Fayette judge scandal spawns 4 requests for new trials
Four defendants convicted in Fayette County are seeking a new trial, claiming the affair between former Fayette County public defender Kimberly Cornwell and former Superior Court Judge Paschal A. English Jr. adversely affected their rights to fair trials.
Defense attorneys contend that Cornwell should have disclosed her relationship with English to the three defendants whom she represented in trials with English as the presiding judge. The fourth defendant is appealing because Cornwell represented a codefendant in his case before Judge English.
In a court hearing April 20, two public defender attorneys and state prosecutors stipulated to the facts surrounding the October 2008 incident in which a sheriff’s deputy investigating a suspicious vehicle in a failed subdivision discovered Cornwell and English engaged in sexual intercourse.
The decision on whether to grant the new trial motions rests with Fayette County Superior Court Judge Fletcher Sams, who by all accounts is in a tough spot. If he orders new trials, the victims in all four cases will have to relive their cases, and they almost certainly would be required to testify again.
In one of the cases, that means a girl will have to testify again about how a relative raped her days after he got out of prison, said Assistant District Attorney David Younker. The defendant, William Jacob Nutt, was convicted of aggravated child molestation and aggravated sexual battery, but not guilty of rape, and English sentenced him to life in prison March 24, 2010.

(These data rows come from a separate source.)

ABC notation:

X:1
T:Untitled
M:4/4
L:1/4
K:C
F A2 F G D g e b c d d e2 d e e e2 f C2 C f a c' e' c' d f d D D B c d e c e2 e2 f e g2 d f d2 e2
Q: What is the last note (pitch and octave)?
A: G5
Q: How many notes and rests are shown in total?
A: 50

Likewise, prosecutors expect it to be traumatic for a carjacking victim to relive the tale of how he was kidnapped at gunpoint from a convenience store in downtown Fayetteville and forced into the trunk of a car, Younker said. The defendant Cornwell represented in that case, Travion Marquez Willis, was convicted of armed robbery, kidnapping, aggravated assault, possession of a firearm during the commission of a crime and motor vehicle theft. Also convicted of the exact same charges in that case was Willis’ codefendant Christopher Deangelo Wakefield, who was represented at trial by attorney Vernon Smith.
English sentenced Wakefield to life in prison plus 20 years and Willis to life in prison Nov. 14, 2008.

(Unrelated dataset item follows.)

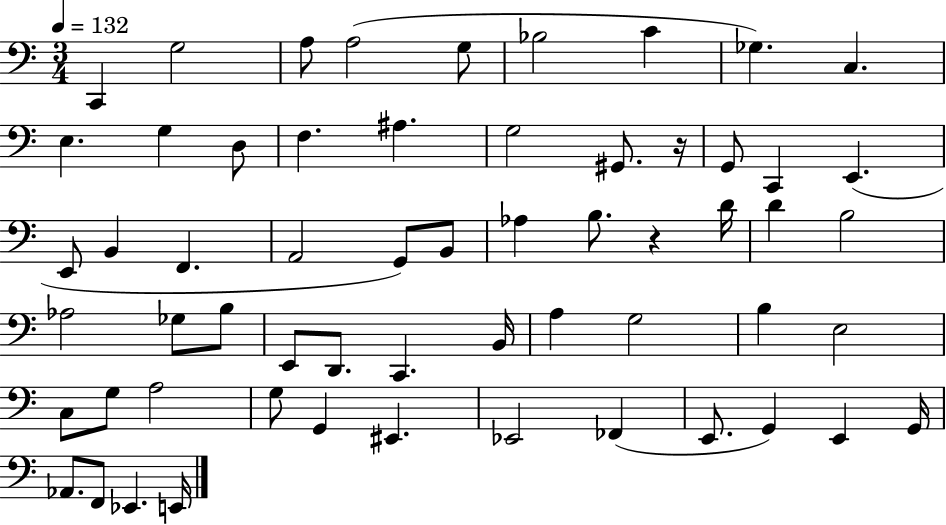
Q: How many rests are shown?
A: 2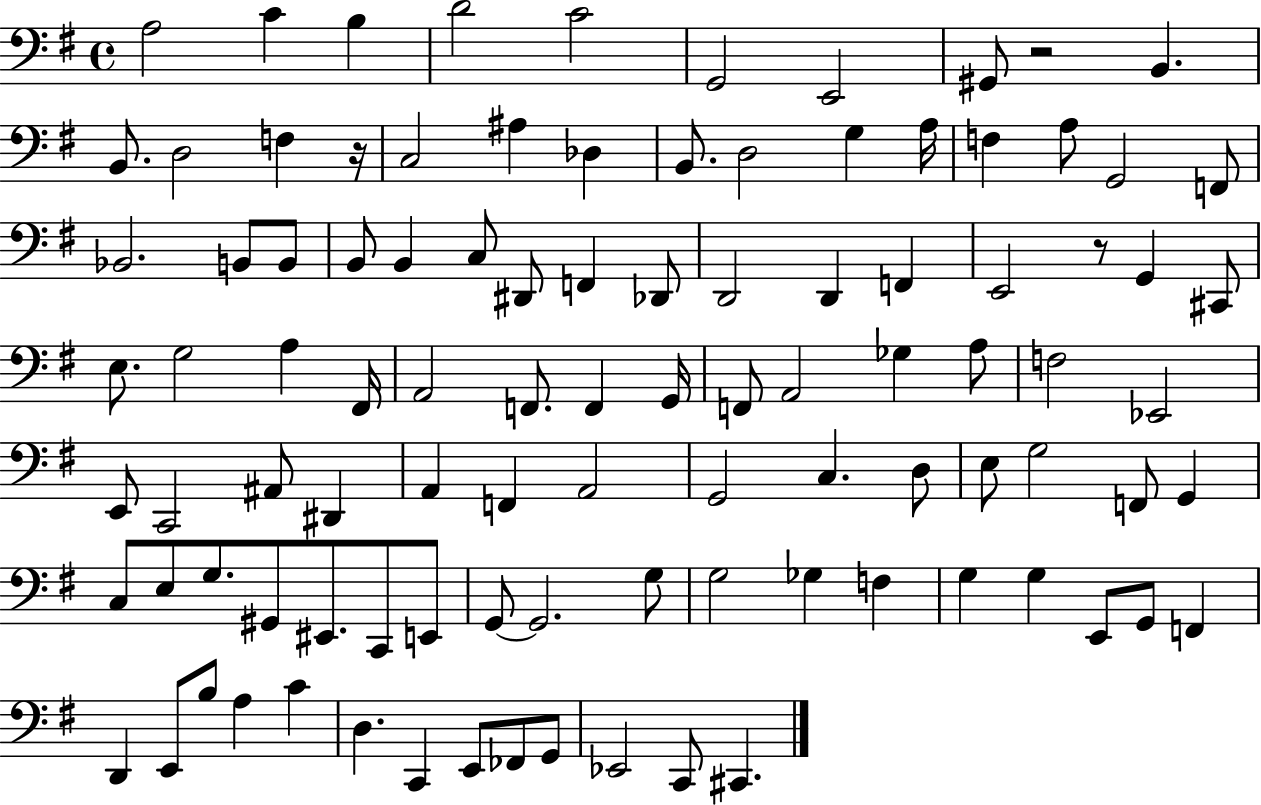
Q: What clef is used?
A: bass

The fourth defendant seeking a new trial on the basis of the Cornwell-English affair is Calvin Obie Boynton, who was found guilty Sept. 15, 2009 of armed robbery, aggravated assault, possession of a sawed-off shotgun and another weapons charge, all stemming from the May 2009 robbery of the United Community Bank off Wisdom Road in Peachtree City.
English sentenced Boynton to life plus 30 years in prison.
At last Wednesday’s motions hearing, assistant district attorneys David Younker and Jeremy Hayes argued that there was nothing in the transcript of either trial to indicate there was judicial bias against any defendants.
Judge Sams later remarked that judicial bias can appear in ways that aren’t communicated in the transcript, such as the jurist’s facial reactions to the presentation of certain evidence, for example.
Sams recalled as a young lawyer when he started to “score points” in a particular trial, the judge would activate his loud pencil sharpener, and the net affect was to stall his momentum, while also potentially distracting the jury.
Younker also argued that it was the jury in each of the four cases that convicted the defendants, not Judge English.
Before Sams will rule in the case, the defendants will have to testify as to what they did or did not know about the relationship between Cornwell and English prior to their trials. The defendants were not in court for the motions hearing last Wednesday despite orders that were sent for them to be brought from their respective state prison facilities.
Also at last week’s hearing, the court heard testimony that Judge English in 2009 attended a public defenders conference in Reno, Nev., with Cornwell.
Defense attorney Steve Phillips had hoped to elicit testimony from Cornwell, but through her attorney she asserted her right against self-incrimination offered by the Fifth Amendment to the U.S. Constitution.
According to the Georgia Bar’s online directory of attorneys, Cornwell is currently practicing with the law office of Bruce S. Harvey, and she is listed as an “active member in good standing” with no public disciplinary history on record.
Likewise, the Georgia Bar’s website still lists English as “an “active member in good standing” with no public disciplinary history on record, though it also lists him as still being a judge for the Griffin Judicial Circuit.
English resigned in April 2010 as he faced an investigation into the affair by the Georgia Judicial Qualifications Commission. Cornwell months later also resigned from her position at the Fayette County Public Defender’s Office after she was initially placed on paid administrative leave.